• [WORK REQUIRED]: If a picture appears in the records, leave it out and transcribe the rest exactly.

Crawled caption data
* * *

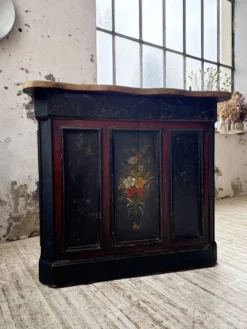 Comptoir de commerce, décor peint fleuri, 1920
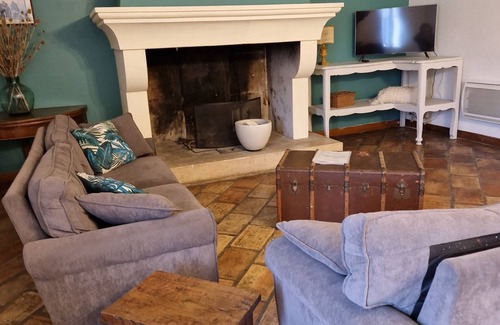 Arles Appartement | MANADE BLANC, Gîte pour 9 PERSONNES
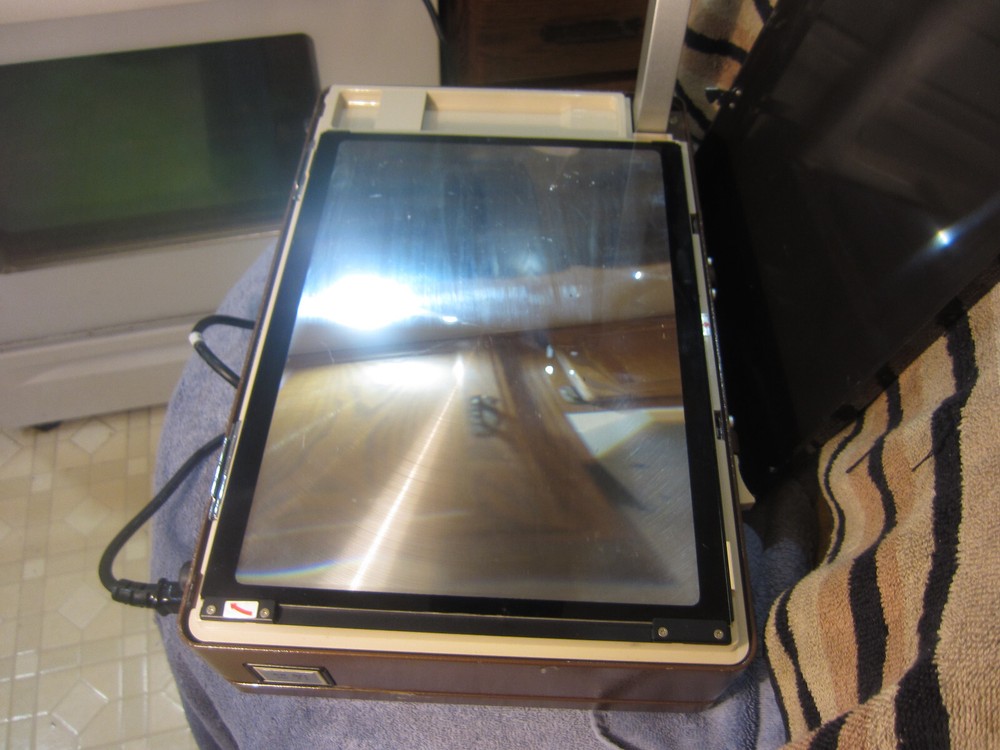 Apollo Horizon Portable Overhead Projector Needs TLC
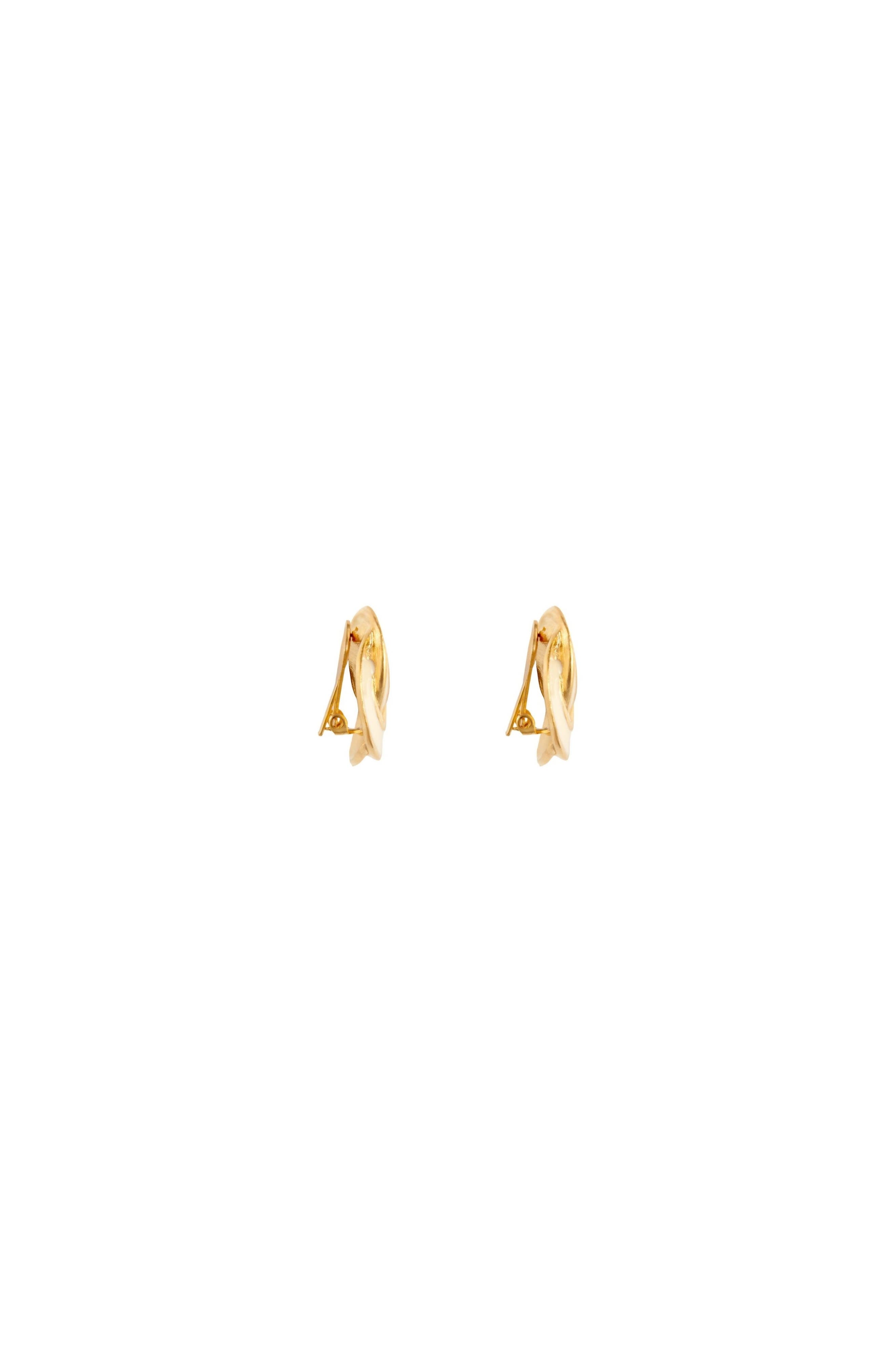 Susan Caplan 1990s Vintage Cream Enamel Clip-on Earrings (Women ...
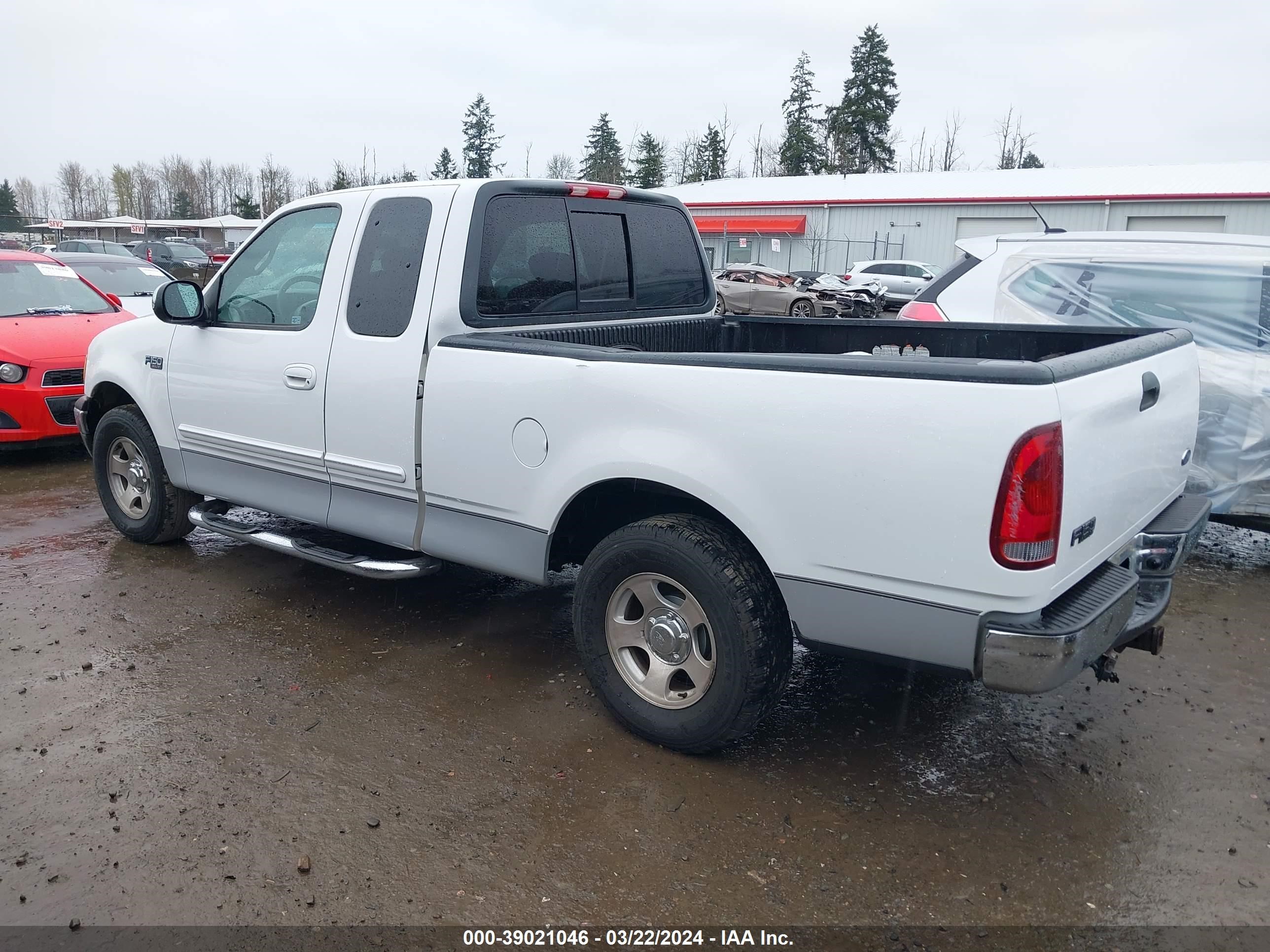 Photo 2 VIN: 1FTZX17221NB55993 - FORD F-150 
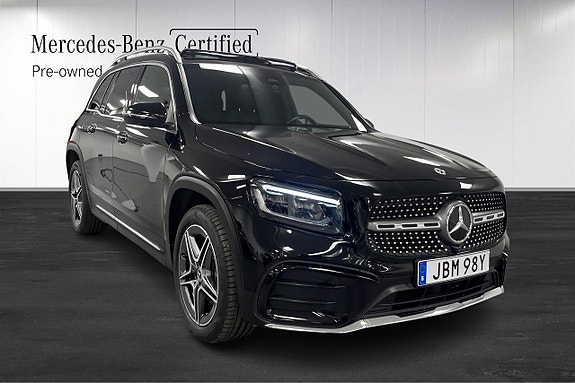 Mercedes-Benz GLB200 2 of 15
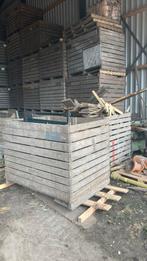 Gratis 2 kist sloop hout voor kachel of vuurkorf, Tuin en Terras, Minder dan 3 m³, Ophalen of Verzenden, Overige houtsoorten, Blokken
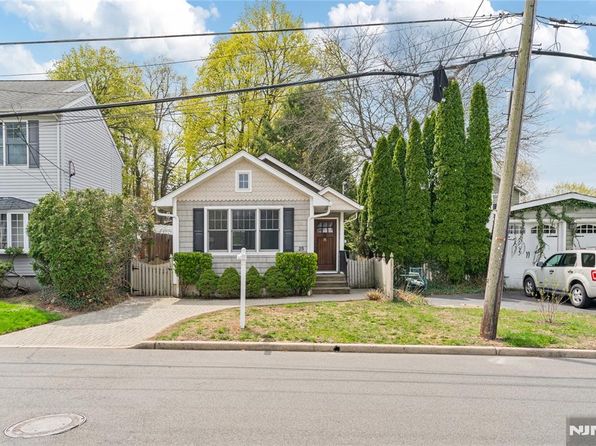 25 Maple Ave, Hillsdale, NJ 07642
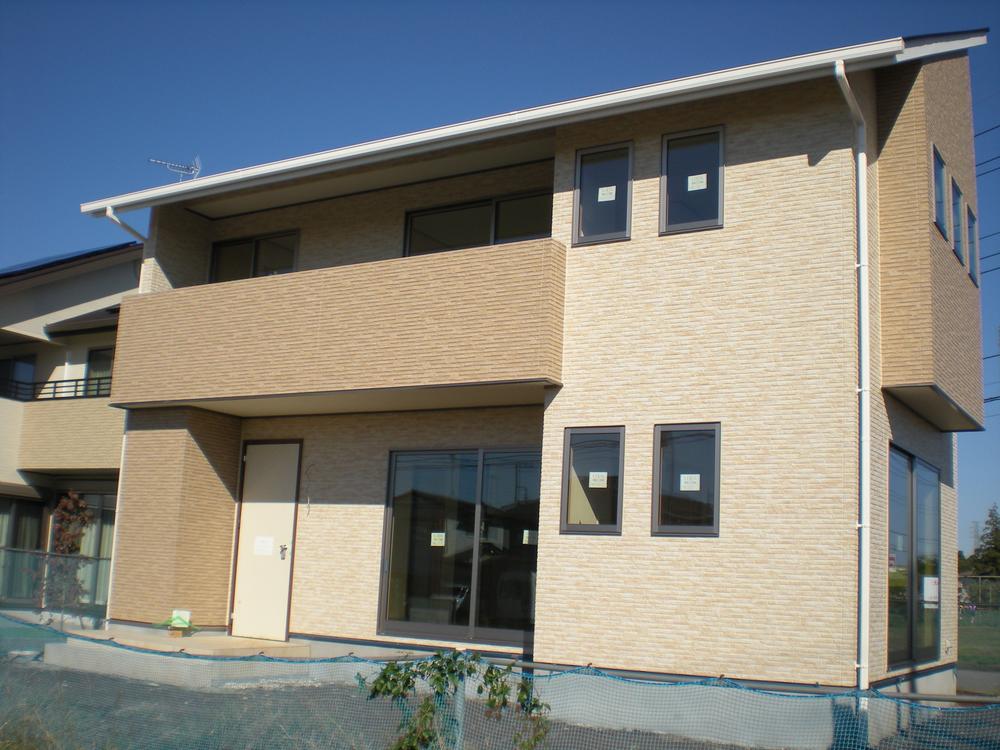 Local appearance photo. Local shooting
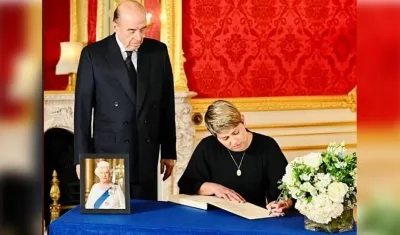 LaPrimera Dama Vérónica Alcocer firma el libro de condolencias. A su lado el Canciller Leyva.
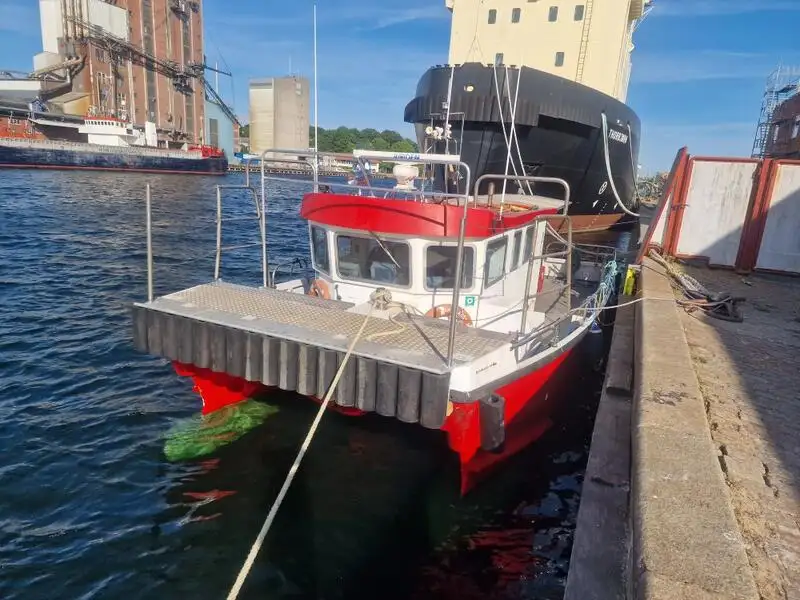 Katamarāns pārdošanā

* * *

• [ANSWER AREA]:
 Comptoir de commerce, décor peint fleuri, 1920
 Arles Appartement | MANADE BLANC, Gîte pour 9 PERSONNES
 Apollo Horizon Portable Overhead Projector Needs TLC
 Susan Caplan 1990s Vintage Cream Enamel Clip-on Earrings (Women ...
 Photo 2 VIN: 1FTZX17221NB55993 - FORD F-150 
 Mercedes-Benz GLB200 2 of 15
 Gratis 2 kist sloop hout voor kachel of vuurkorf, Tuin en Terras, Minder dan 3 m³, Ophalen of Verzenden, Overige houtsoorten, Blokken
 25 Maple Ave, Hillsdale, NJ 07642
 Local appearance photo. Local shooting
 LaPrimera Dama Vérónica Alcocer firma el libro de condolencias. A su lado el Canciller Leyva.
 Katamarāns pārdošanā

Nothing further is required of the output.